**Description of the task**
For every line in the records below that holds "with", make a copy.

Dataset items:
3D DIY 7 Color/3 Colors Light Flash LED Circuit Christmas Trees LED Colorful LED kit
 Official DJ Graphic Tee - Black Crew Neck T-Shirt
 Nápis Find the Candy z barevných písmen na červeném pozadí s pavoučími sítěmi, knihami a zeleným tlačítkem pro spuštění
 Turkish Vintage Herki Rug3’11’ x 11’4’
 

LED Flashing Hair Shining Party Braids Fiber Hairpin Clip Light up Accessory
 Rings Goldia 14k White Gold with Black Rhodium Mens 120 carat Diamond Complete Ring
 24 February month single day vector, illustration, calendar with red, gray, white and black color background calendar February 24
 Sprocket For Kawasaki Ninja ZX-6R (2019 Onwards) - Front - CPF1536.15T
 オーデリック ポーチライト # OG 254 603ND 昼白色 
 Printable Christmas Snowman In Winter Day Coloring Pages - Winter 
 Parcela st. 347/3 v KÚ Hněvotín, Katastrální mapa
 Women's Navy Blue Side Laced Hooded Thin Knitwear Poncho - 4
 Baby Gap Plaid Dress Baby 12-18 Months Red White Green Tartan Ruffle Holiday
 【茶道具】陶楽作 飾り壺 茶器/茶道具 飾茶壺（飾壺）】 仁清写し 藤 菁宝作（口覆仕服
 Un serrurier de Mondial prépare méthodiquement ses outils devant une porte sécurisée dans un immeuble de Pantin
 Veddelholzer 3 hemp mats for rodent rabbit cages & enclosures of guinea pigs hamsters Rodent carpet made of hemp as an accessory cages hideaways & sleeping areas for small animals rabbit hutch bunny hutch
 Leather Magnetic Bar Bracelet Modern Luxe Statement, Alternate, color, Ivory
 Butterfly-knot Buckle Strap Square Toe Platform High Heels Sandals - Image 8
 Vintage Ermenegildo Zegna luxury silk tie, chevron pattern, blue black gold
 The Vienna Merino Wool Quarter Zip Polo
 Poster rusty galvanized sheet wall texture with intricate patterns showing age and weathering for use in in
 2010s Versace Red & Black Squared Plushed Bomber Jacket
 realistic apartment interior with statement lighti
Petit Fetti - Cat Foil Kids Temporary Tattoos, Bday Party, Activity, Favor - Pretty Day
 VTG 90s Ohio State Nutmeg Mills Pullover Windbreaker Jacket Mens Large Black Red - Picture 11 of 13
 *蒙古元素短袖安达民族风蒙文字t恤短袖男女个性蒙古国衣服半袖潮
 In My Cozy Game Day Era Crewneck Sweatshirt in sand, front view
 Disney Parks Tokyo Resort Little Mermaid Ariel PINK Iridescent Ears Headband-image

**Response box**
 Rings Goldia 14k White Gold with Black Rhodium Mens 120 carat Diamond Complete Ring
 24 February month single day vector, illustration, calendar with red, gray, white and black color background calendar February 24
 Poster rusty galvanized sheet wall texture with intricate patterns showing age and weathering for use in in
 realistic apartment interior with statement lighti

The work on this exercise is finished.